Given data START

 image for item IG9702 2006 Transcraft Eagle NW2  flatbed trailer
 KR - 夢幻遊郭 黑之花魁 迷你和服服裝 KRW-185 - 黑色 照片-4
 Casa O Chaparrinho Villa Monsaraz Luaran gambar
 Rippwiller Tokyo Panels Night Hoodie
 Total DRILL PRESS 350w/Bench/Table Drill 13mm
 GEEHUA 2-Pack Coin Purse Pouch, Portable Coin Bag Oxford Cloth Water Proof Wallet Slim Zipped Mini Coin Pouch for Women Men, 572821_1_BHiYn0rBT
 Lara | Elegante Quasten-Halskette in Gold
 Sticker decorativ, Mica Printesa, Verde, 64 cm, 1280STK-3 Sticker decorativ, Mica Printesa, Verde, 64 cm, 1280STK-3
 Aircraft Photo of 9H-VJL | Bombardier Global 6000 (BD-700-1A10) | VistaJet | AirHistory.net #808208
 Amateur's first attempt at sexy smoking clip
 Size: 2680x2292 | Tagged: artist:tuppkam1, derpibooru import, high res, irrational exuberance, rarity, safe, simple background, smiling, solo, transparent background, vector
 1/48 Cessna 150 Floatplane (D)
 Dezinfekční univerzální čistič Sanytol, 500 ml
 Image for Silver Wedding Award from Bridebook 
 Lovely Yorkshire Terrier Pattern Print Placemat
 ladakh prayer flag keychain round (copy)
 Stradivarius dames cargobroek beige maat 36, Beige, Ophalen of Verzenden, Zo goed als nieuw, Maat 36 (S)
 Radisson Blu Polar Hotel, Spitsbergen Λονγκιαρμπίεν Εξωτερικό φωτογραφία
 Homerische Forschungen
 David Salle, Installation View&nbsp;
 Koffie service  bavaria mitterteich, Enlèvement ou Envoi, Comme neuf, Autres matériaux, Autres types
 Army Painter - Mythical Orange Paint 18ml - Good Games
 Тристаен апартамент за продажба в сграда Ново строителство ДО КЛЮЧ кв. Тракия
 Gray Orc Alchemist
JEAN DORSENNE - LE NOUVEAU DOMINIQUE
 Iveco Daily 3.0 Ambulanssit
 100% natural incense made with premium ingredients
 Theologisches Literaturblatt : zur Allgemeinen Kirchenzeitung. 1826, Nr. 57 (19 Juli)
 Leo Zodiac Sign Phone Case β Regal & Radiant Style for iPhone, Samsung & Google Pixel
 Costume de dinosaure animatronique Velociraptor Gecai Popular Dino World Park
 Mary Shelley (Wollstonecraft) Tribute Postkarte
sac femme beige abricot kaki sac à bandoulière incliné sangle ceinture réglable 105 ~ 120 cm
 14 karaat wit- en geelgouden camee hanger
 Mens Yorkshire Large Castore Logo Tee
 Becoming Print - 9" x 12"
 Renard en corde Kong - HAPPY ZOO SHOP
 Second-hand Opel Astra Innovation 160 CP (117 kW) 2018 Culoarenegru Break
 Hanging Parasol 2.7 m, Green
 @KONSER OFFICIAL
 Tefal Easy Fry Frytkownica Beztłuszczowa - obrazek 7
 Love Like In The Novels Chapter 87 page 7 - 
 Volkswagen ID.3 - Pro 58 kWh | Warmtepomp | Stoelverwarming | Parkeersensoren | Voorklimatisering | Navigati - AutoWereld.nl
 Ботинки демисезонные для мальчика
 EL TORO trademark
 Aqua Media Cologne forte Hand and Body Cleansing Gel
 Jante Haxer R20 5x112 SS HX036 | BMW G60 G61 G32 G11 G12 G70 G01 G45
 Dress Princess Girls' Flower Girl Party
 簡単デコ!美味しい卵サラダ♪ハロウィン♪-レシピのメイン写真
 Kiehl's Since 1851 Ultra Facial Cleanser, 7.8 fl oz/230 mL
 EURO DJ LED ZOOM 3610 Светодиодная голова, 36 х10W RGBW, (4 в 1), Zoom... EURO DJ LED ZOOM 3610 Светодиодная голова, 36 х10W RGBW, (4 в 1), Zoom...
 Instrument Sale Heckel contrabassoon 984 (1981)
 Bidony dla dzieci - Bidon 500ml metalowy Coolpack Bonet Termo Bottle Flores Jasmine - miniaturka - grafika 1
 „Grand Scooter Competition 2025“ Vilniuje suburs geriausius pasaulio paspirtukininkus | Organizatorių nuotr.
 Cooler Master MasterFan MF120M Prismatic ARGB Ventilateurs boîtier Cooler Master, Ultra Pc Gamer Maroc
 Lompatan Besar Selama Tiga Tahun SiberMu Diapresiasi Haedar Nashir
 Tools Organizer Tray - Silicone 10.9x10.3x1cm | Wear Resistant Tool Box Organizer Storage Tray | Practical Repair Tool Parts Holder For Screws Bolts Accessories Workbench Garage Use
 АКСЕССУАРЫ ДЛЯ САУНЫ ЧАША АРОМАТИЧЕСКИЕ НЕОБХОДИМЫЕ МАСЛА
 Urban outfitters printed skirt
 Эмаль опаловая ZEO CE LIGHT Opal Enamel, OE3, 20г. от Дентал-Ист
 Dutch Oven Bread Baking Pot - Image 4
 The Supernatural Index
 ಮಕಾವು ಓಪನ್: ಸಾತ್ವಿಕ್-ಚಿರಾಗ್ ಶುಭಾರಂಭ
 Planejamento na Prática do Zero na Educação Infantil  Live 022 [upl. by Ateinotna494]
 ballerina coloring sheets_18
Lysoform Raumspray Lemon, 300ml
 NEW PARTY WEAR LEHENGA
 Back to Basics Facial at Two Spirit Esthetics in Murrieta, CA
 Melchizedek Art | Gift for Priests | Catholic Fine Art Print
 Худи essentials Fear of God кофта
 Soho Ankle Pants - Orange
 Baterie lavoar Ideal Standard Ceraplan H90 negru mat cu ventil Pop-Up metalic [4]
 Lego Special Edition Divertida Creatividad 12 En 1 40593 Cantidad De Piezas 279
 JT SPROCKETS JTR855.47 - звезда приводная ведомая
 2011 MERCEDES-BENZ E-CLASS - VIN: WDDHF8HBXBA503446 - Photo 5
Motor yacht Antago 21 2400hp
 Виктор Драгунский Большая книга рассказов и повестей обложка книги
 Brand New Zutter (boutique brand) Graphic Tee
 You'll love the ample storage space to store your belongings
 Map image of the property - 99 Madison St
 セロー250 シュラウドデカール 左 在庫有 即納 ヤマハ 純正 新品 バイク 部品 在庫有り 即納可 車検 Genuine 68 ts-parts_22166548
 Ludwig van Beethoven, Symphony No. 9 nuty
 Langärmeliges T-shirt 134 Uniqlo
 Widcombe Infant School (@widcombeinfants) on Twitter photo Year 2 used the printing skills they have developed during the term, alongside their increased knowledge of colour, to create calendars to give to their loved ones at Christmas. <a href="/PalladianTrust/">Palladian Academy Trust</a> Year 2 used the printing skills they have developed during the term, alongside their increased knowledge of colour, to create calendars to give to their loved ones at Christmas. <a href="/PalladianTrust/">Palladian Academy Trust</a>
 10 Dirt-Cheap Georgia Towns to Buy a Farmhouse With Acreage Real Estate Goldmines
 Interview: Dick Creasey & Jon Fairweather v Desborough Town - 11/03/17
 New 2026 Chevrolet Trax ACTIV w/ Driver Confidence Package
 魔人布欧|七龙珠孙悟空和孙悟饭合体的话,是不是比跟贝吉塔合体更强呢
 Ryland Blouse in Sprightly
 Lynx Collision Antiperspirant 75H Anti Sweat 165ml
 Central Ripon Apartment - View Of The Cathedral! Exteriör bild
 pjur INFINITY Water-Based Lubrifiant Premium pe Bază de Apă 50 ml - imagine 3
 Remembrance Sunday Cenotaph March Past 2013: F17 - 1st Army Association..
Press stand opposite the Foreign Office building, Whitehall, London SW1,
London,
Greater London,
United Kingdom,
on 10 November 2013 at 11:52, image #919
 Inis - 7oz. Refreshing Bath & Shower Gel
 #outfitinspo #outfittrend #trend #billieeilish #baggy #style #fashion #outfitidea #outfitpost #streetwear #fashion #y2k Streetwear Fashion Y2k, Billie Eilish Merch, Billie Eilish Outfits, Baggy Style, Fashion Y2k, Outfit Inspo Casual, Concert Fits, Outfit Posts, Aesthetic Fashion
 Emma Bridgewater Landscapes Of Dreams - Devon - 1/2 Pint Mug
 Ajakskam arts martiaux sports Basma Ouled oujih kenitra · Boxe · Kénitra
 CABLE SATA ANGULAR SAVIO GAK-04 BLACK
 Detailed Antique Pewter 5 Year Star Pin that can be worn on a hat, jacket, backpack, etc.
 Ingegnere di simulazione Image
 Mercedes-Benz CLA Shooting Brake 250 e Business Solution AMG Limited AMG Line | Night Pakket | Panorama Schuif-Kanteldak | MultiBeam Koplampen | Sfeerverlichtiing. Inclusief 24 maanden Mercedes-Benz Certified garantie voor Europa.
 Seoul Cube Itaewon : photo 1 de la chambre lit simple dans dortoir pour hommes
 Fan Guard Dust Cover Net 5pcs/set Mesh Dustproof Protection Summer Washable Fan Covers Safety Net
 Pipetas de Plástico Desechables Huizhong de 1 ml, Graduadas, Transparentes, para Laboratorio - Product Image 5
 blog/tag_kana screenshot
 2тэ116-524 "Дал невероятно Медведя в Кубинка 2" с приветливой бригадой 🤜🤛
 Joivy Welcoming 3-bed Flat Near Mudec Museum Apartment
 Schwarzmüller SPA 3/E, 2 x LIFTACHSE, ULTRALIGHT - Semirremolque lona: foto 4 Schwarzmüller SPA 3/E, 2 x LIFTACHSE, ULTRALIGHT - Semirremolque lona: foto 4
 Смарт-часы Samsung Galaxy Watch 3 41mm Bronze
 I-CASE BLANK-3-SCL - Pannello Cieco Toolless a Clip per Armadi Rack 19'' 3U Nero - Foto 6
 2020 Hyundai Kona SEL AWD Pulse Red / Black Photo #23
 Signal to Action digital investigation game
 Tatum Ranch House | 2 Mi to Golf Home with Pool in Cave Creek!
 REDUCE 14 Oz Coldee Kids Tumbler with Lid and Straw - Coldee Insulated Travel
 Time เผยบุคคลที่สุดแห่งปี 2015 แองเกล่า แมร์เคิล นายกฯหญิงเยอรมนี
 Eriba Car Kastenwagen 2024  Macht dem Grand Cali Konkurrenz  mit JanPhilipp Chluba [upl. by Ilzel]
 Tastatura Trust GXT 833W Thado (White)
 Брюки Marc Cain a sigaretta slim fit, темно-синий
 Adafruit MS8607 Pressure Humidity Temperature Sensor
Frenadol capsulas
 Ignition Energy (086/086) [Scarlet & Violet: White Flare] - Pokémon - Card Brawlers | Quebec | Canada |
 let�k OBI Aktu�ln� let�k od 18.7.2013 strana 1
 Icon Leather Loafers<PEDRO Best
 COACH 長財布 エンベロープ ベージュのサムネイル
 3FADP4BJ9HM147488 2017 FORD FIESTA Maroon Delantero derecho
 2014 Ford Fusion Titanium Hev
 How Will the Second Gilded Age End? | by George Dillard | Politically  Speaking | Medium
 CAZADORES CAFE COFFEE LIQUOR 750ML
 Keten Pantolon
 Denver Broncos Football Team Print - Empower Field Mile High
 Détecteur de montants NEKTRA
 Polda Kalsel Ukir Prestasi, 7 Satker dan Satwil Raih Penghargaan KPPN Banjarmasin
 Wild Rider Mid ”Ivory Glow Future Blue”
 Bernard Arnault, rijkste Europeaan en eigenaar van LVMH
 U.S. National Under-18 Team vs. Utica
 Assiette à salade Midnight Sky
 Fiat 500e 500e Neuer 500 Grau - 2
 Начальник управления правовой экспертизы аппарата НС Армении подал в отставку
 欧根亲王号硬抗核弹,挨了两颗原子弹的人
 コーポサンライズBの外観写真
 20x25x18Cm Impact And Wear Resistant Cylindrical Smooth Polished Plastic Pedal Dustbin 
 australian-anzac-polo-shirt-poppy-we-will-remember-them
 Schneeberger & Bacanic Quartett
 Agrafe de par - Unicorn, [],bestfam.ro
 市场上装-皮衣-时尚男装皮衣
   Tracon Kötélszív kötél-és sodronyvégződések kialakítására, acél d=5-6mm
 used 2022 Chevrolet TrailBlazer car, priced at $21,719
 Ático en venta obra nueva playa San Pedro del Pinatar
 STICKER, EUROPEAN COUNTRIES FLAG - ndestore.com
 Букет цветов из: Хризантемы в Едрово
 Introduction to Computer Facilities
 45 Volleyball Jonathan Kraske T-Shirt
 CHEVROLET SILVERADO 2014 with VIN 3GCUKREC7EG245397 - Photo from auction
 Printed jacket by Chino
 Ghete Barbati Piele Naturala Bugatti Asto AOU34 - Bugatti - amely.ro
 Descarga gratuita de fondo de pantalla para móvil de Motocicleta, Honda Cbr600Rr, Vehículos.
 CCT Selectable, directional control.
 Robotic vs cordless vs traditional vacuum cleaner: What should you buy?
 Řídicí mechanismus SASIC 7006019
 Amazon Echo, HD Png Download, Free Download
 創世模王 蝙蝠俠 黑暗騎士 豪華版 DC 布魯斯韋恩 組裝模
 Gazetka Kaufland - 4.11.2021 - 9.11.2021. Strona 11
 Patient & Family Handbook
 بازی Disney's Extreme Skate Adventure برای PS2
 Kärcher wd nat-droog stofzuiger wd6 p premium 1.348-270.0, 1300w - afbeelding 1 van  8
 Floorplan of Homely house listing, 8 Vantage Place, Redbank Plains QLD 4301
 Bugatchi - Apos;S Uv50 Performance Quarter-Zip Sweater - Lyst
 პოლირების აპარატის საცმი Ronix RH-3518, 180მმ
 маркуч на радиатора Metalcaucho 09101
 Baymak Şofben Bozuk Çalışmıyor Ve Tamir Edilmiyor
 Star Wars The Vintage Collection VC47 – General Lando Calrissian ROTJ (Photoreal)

Given data END

Task item
Please output exactly the lines between the one holding "Adafruit MS8607 Pressure" and the one holding "20x25x18Cm Impact And" in the records above, inclusive, and nothing more.

Answer
 Adafruit MS8607 Pressure Humidity Temperature Sensor
Frenadol capsulas
 Ignition Energy (086/086) [Scarlet & Violet: White Flare] - Pokémon - Card Brawlers | Quebec | Canada |
 let�k OBI Aktu�ln� let�k od 18.7.2013 strana 1
 Icon Leather Loafers<PEDRO Best
 COACH 長財布 エンベロープ ベージュのサムネイル
 3FADP4BJ9HM147488 2017 FORD FIESTA Maroon Delantero derecho
 2014 Ford Fusion Titanium Hev
 How Will the Second Gilded Age End? | by George Dillard | Politically  Speaking | Medium
 CAZADORES CAFE COFFEE LIQUOR 750ML
 Keten Pantolon
 Denver Broncos Football Team Print - Empower Field Mile High
 Détecteur de montants NEKTRA
 Polda Kalsel Ukir Prestasi, 7 Satker dan Satwil Raih Penghargaan KPPN Banjarmasin
 Wild Rider Mid ”Ivory Glow Future Blue”
 Bernard Arnault, rijkste Europeaan en eigenaar van LVMH
 U.S. National Under-18 Team vs. Utica
 Assiette à salade Midnight Sky
 Fiat 500e 500e Neuer 500 Grau - 2
 Начальник управления правовой экспертизы аппарата НС Армении подал в отставку
 欧根亲王号硬抗核弹,挨了两颗原子弹的人
 コーポサンライズBの外観写真
 20x25x18Cm Impact And Wear Resistant Cylindrical Smooth Polished Plastic Pedal Dustbin 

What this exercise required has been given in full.